When a four-pitch walk to Pena (107 pitches) to load the bases followed, there was a visit to the mound by pitching coach Bob McClure, but again, no change as Evan Longoria stepped to the plate.
“[McClure] went out, said just make sure you see the right look in his eye,” said Valentine. “He came back and he said he’s very determined. He wants it. Everyone wants it.”
Of course, to ask a pitcher whether he wants the ball, whether he wants the opportunity to retire a pitcher, is a nearly futile gesture. Pitchers almost never shy from the challenge when it is presented (as Pedro Martinez has noted in discussing his conversation with Grady Little back in the 2003 ALCS against the Yankees), and Bard is no different.
“I wanted [Longoria],” Bard said after the game. “In hindsight, probably, the signs pointed that I was getting tired. In the moment, I wanted to be out there.’
Bard missed the strike zone with a first-pitch changeup, then missed with three straight fastballs. Longoria’s bases-loaded walk forced in the only run of the game. Bard left the mound to a standing ovation, replaced by Thomas. When Valentine walked back from the mound to the dugout, he was roundly booed by the patrons of Fenway Park.
“They felt what I thought. I should have taken him out earlier,” said Valentine. “They’re good fans. They know what’s going on.”
Naturally, in the aftermath of a loss, there were laments — chiefly by Bard about his command and Valentine about his decision to stick with his starter for a batter or three too long.
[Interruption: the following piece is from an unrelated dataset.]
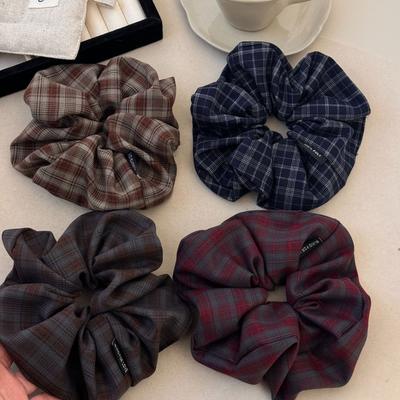 Chouchou en tissu à carreaux style coréen gros intestin, haut de gamme et élégant, élastique à chignon, élastique pour queue de cheval basse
Still, in defeat, there was immense promise for the Sox.
A year ago, the Sox had just 23 outings in which a starter recorded an out in the seventh inning (or later) while allowing one or no runs, a mark that ranked 24th in the majors and 12th out of 14 teams in the American League. Of those 23, 14 were from the tandem of Josh Beckett (8) and Jon Lester (6).
That Bard is capable of pitching into the seventh while effectively shutting down an opposing lineup is an important signal of his potential as a starter. Obviously, his seven walks on the day represent an issue, but the idea of being able to pitch deep into a game while keeping a division rival off the scoreboard reinforces the idea that Bard is laying a foundation for something with a chance to be quite valuable for the Red Sox both this year and beyond.
And so, as significant as the outcome of an individual game is, Valentine was able to rave that his pitcher’s “performance was great. Stellar.”
Bard also was able to take stock of a day in which was able to take another step forward in his career as a starter.
“I learned a lot. I know what it feels like. I know what my body is going to feel like. It felt pretty good,” said Bard. “I think it was more when you get up that high, that it’s a big jump from 90 to 100 or 105, just physically and mentally, too. It’s hard to maintain focus for that long, for that many pitches. That’s something I can learn from and improve on.’